Put more bluntly, Nishino takes the neighborly ambience of the film, the ambience dictated by Japanese etiquette, to its psychopathic conclusion, much as the Hollywood slasher takes the etiquette of American suburbia to its psychopathic conclusion. While Nishino’s taste for vacuum-packing bodies is macabre, it’s as much about neighborly discretion as criminal evasion. It’s also presented, somewhat comically, by Kurosawa, as a form of domestic economy, a response to spatial thrift, and a way of making sure that everything is compartmentalized and packed away in its proper place. Similarly, all the white noise of the film culminates with the bunker where Nishino keeps his victims, which, more than any other space, fulfils the ultimate neighborly goal in Japan – to create a kind of negative noise, to ensure that your presence makes the block, apartment or neighbourhood even quieter than when you arrived. Only a generator can be heard muffled and buried somewhere in the background, so distant and subliminal that it feels like the motor engine of the film’s own ambience, subsisting, like the good neighbour, just below the threshold of audibility.
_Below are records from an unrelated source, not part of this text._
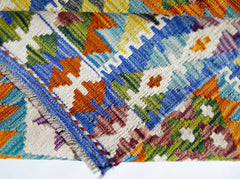 A folded Afghan Maimana kilim rug featuring a vibrant, handwoven geometric pattern in wool.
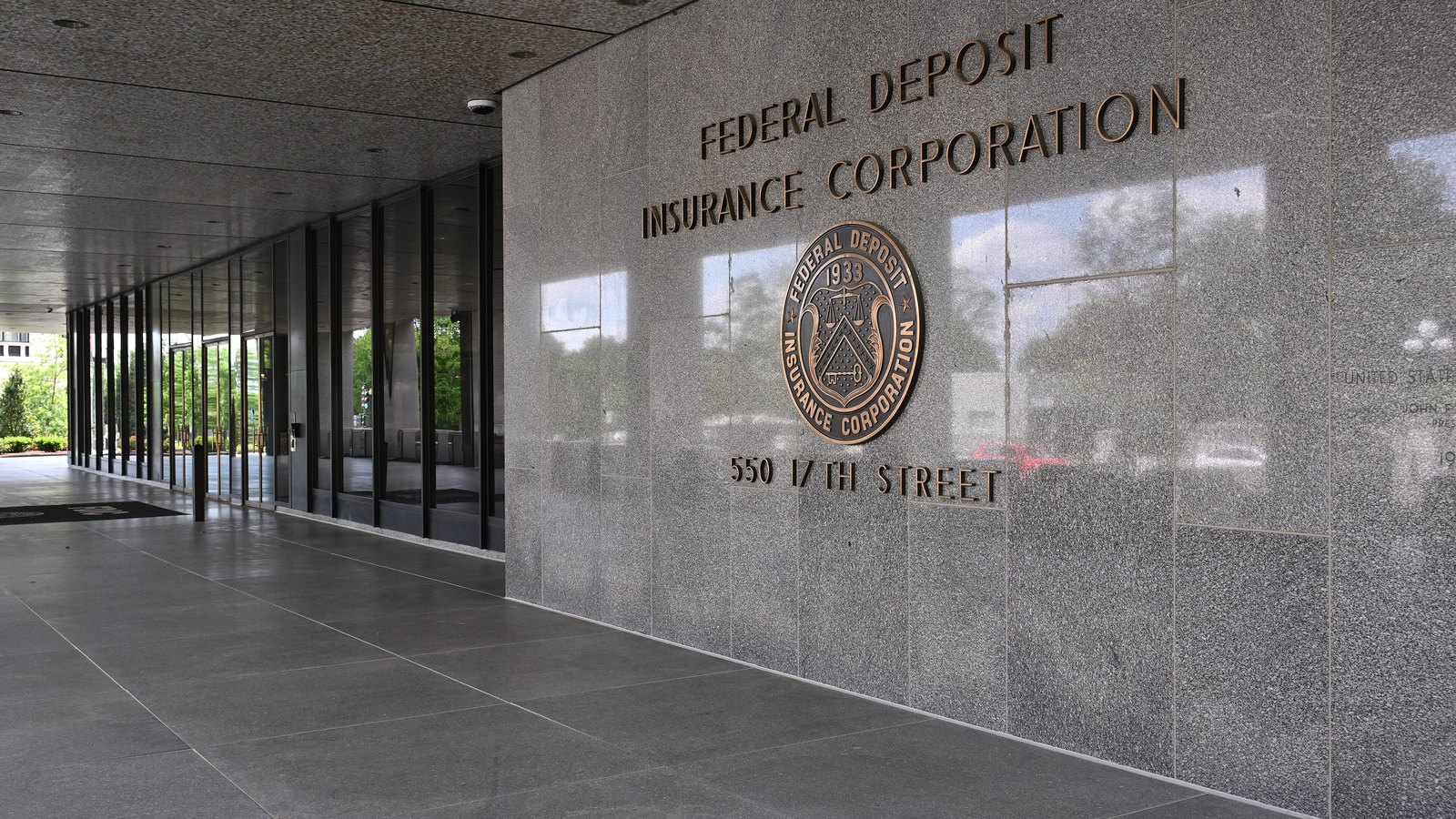The entrance to the Federal Deposit Insurance Corporation headquarters in Washington, D.C., its name and 1933 seal cut in bronze on a granite wall above the words 550 17th Street.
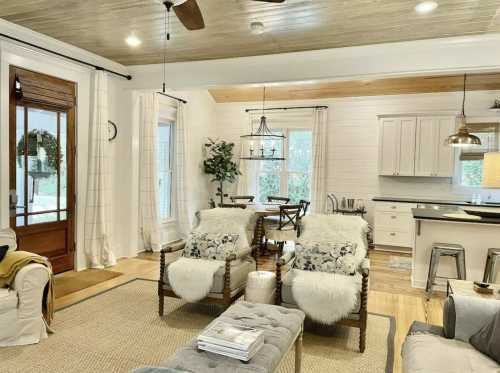 Cozy living room with two armchairs, a dining area, and a kitchen, featuring light colors and natural wood accents.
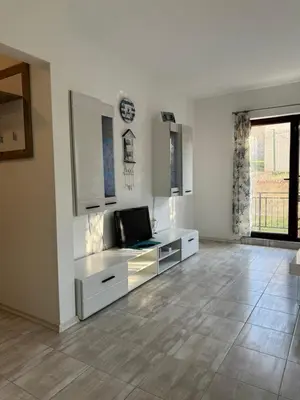 a white living room with a laptop on a desk at Marteo Apartments103 - Sozopol in Sozopol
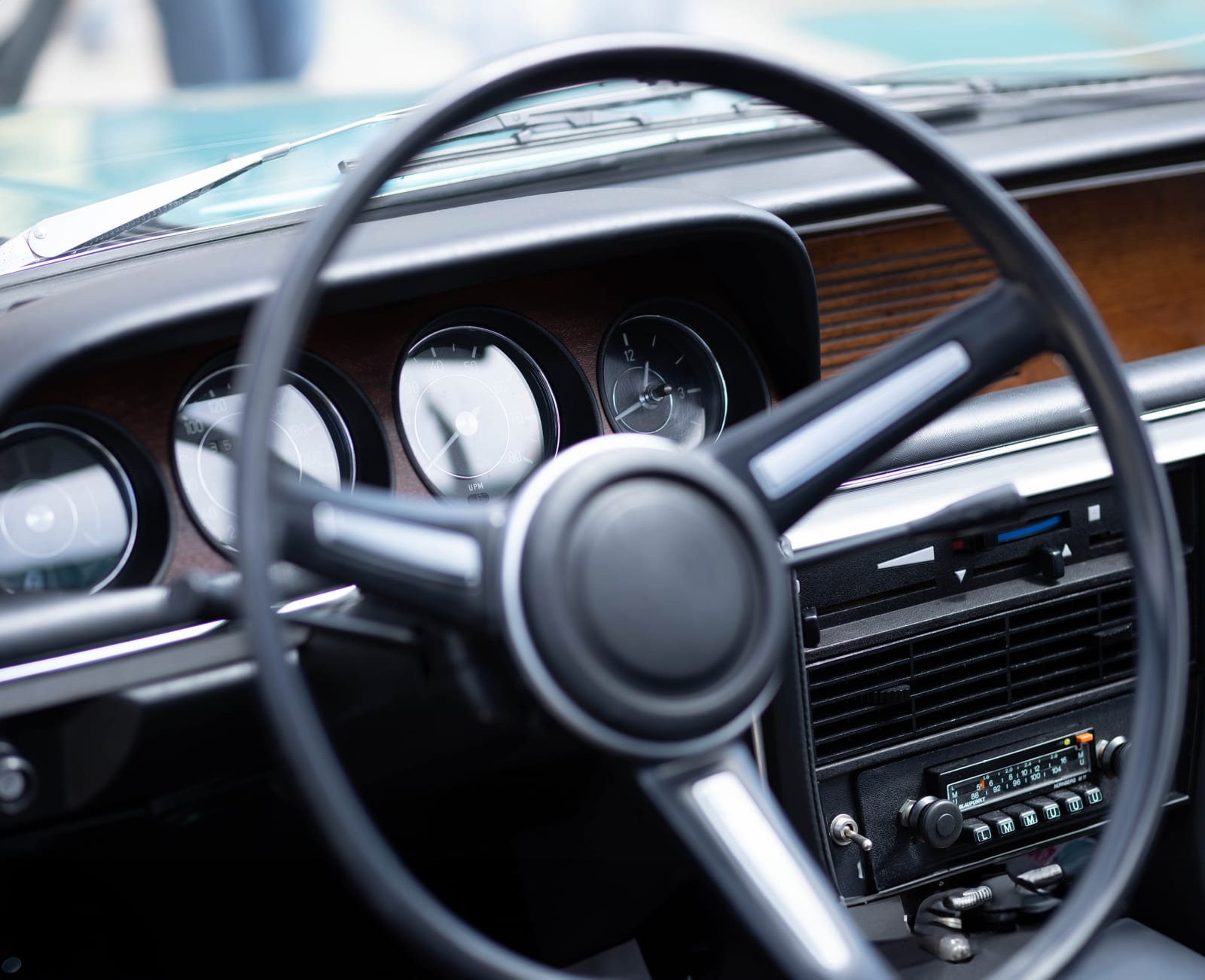 The chrome badge and paint of a classic car on a showroom floor.
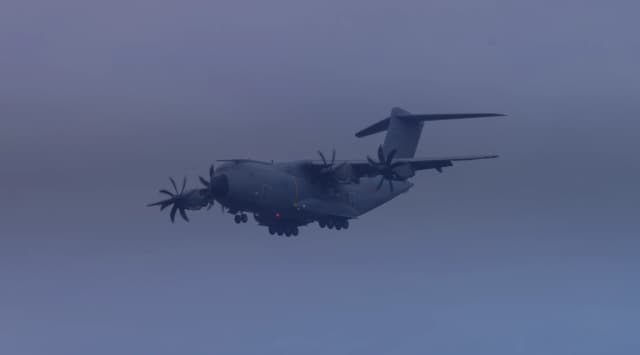 A four-engine military transport aircraft flying low through a hazy overcast sky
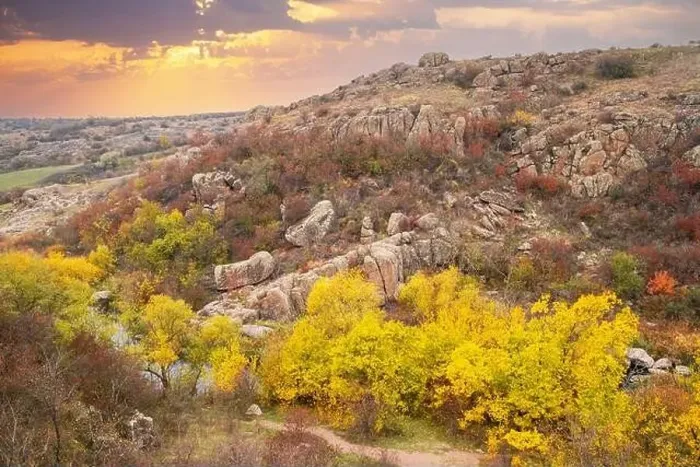 Framed Print : Aktovsky Canyon, Ukraine. Autumn trees and large stone boulders around Framed Print : Aktovsky Canyon, Ukraine. Autumn trees and large stone boulders around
Within that surreal space, the last part of the film plays out in a sustained trance, as Nishino convinces both Yasuko and his daughter to kill the superintendent of police and then capture Koichi as well. This is partly attributed to a drug that Nishino injects into his victims, which slackens their will and gives him an almost supernatural command over their actions. In truth, though, the film doesn’t really need this touch, since Nishino’s awry neighborliness is far more eerie and effective in getting Kurosawa’s message across. In an awry final scene, Nishino takes his new family to an abandoned tower near the airport, and uses it to survey the city with binoculars, finally lighting upon a pair of houses that offer just the right configuration for him to put his neighborly modus operandi into play once again. Before he can do so, Koichi kills him, but by this stage all distinction between publicity and privacy has vanished, just as the very notion of private life has become a kind of intoxicating, deadening and stupefying drug that none of the characters can possibly believe in anymore. While Yasuko initially seems relieved to be free, then, the film ends with her breaking into an inchoate scream, as the camera pans down to Nishino’s prostrate body, which almost seems to smile in death, even more insinuated in their lives than ever. Like a Japanese take on True Detective, this cold case haunts the present even more when it is discovered, in one of the most eerie and unsettling – one of the creepiest – horror films that I’ve seen in some time.